# Turftoe's lawn journal 2018



## Turftoe (Jun 28, 2018)

We moved into our new construction home July last year and I just got the itch to start making my lawn look great this summer. The builder put down bermuda sod (not sure which variety) and left many many divots from not placing the sod close enough together. This summer my grass has been lacking green, so I put down some Milo and my HOC is 
1-1/8" with my manual reel mower.

The next steps will be to aerate next week and throw down more Milo. I'm hoping this breaks down the thicker thatch in several places and reduce compaction. I'm hoping to aerate again in the spring before attempting a leveling job to reduce the holes and scalping.


----------



## pennstater2005 (Jul 17, 2017)

Welcome to TLF! Looks like you've got a good start. That's a Greenworks reel mower right? They make pretty good stuff.


----------



## Turftoe (Jun 28, 2018)

pennstater2005 said:


> Welcome to TLF! Looks like you've got a good start. That's a Greenworks reel mower right? They make pretty good stuff.

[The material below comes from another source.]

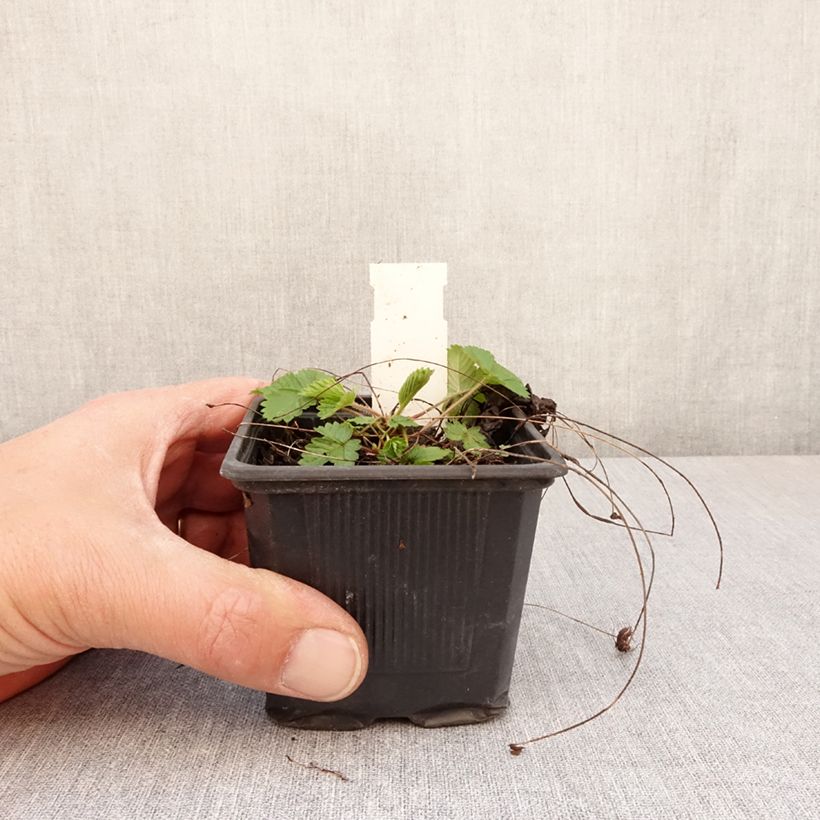 Example of Fragaria vesca Rugen - Fraisier des bois Godet de 8/9 cm as you get in printemps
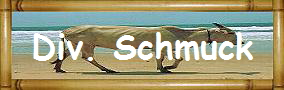 Div. Schmuck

Thanks! And yes it is. I wish it cut a bit lower, but until I can start my leveling project it'll get the job done.


----------



## Turftoe (Jun 28, 2018)

Had the lawn aerated yesterday and started picking up cores around 4:30pm. I raked and bagged these little pieces of ga red clay until 9:30pm. It was tough and I'm paying for it today, but I'm hoping this helps to improve the overall state of my lawn. Hit it with a little bit of water last night and plan on putting down some milo and pre-e this afternoon.


----------



## Turftoe (Jun 28, 2018)

After aerating and picking up the cores yesterday, today I put down milo and pre-e. Not really sure what I need to do next, probably just keep cutting it every other day and pray that it greens up.


----------



## Turftoe (Jun 28, 2018)

I threw down 3 more bags of Milo the other day (~.8 lb/K) and then removed the tree this past weekend. I leveled the patch as best as I could and then today put out 1/2 bag of Scott's Lawn Soil. I pulled a lot of runners from the other edges of the lawn and planted them across the patch. I have never done this before so any feedback would be greatly appreciated. I used a screwdriver to put a hole and then put a sprig in each. I'm hoping this takes off and fills in before the season is over. Fingers crossed.


----------



## Turftoe (Jun 28, 2018)

Yesterday I mowed & trimmed. Also put down my first FEature app @ 2oz/K. Eager to see how it does.


----------